Devon followed the road as it led to the main entrance, still half a mile distant. On each side of the gateway stood a stone wall, sloping down from six or seven feet high to about four. He could see now that leading away from each side of the entryway, an adobe wall enclosed the whole compound, high enough to keep out livestock but low enough for a couple of straw-hatted figures to peer over. To the left of the gate, a grove of cottonwoods showed their bushy tops, while to the right, a lower growth of pale green trees, perhaps acacia or locust, refracted the morning sunlight that came down from the far side.

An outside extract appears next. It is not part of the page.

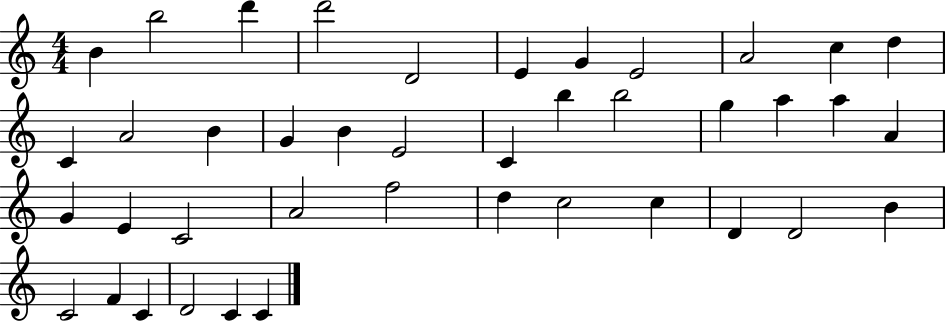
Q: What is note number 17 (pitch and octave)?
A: E4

At about twenty yards from the gate, Devon stopped his horse and dismounted. A dark man in drab clothes and a peaked straw hat came out from behind the stone wall and stood behind the two pole gates where they met in the center.
“¿Sí, señor?”
“I would like to speak with the patrón, if it is possible.”
The man raised his head in a small gesture of challenge. “On the part of whom?”
“I am an outsider. He doesn’t know me. But I would like to ask him permission for something.”
“Just a minute.” The man turned to his left, spoke to someone behind the stone wall, and then walked out of view toward the buildings.
A few minutes later, another man appeared at the gate, loosened the chain in the middle, and stepped into full view. He was a well-built man, above average in height and square-shouldered, with large brown eyes. Wearing a hat of palm fiber with a tighter weave than the first man’s straw hat, he stood straight up with his head tipped back and his left thumb in the pocket of his brown leather vest. He had a toothpick sticking out of the corner of his mouth, and his smile showed a set of large teeth, one of them lined in silver. From the way he carried himself, as well as from his style of dress, Devon took him to be some kind of foreman.